ASSIGNED TASK:
Extract the stretch of lines that starts at the line with "Neşeli Butik Kadın" and ends at the last line of the data below. Give it exactly, without pictures.
——
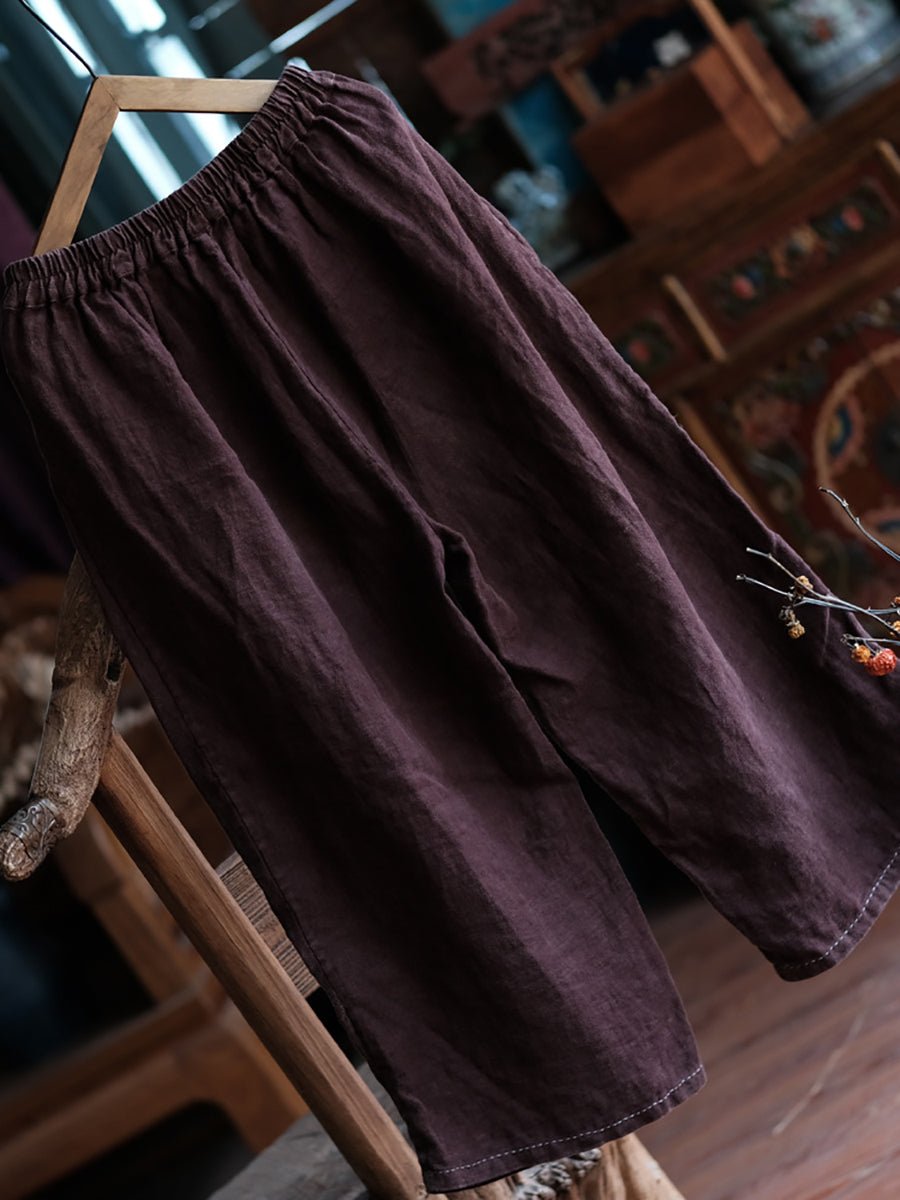 Summer Retro Linen Wide-leg Pants Xx1054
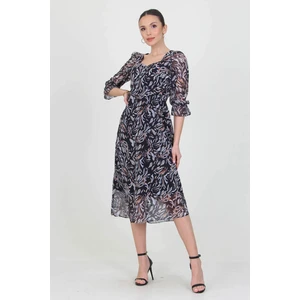 Neşeli Butik Kadın Siyah Kalp Yaka Yeni Sezon Desenli Şifon Elbise RY0030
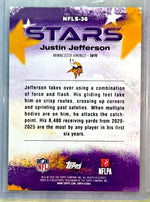 Verso do card Justin Jefferson NFLS-36, Minnesota Vikings, Topps Flagship Football 2026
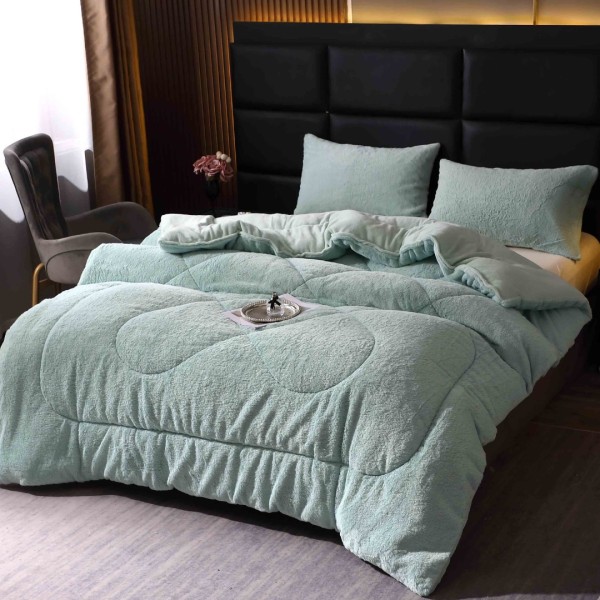 Pilota Cocolino din blanita artificiala de iepure 200x230cm si 2 fete de perna 50x70cm, Aqua [1]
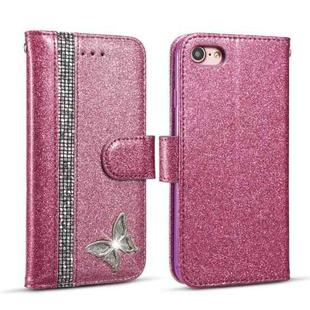 Glitter Powder Butterfly Leather Phone Case For iPhone 7/SE 2022/SE 2020/8(Purple)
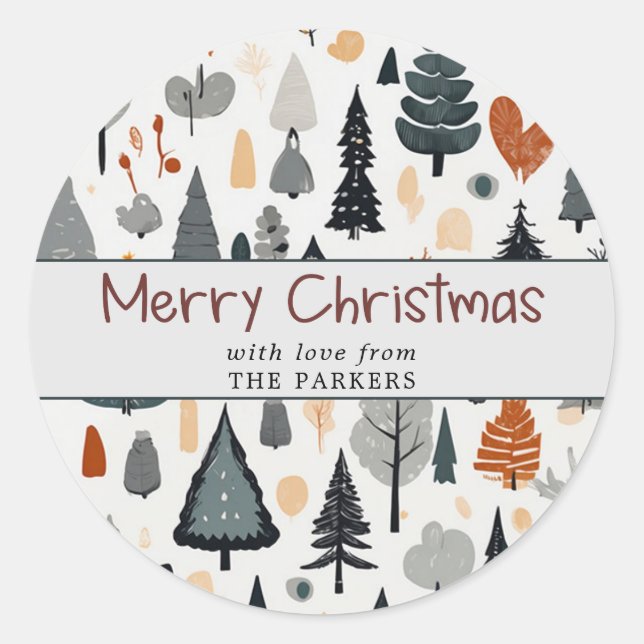 Pegatina Redonda Festividad dulce Feliz Navidad (Anverso)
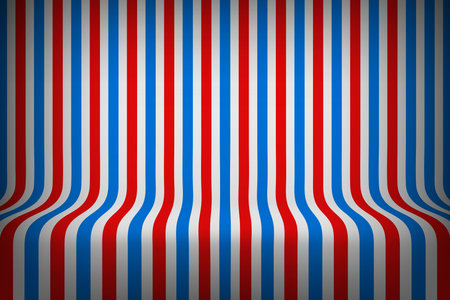 Empty studio with blue and red stripes on floor and wall. 3d style vector illustrationのイラスト素材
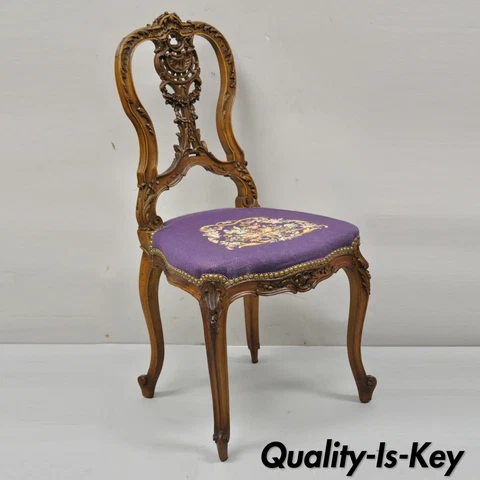 Antique French Louis XV Style Victorian Mahogany Side Chair Purple Needlepoint Cover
——
ANSWER SECTION:
 Neşeli Butik Kadın Siyah Kalp Yaka Yeni Sezon Desenli Şifon Elbise RY0030
 Verso do card Justin Jefferson NFLS-36, Minnesota Vikings, Topps Flagship Football 2026
 Pilota Cocolino din blanita artificiala de iepure 200x230cm si 2 fete de perna 50x70cm, Aqua [1]
 Glitter Powder Butterfly Leather Phone Case For iPhone 7/SE 2022/SE 2020/8(Purple)
 Pegatina Redonda Festividad dulce Feliz Navidad (Anverso)
 Empty studio with blue and red stripes on floor and wall. 3d style vector illustrationのイラスト素材
 Antique French Louis XV Style Victorian Mahogany Side Chair Purple Needlepoint Cover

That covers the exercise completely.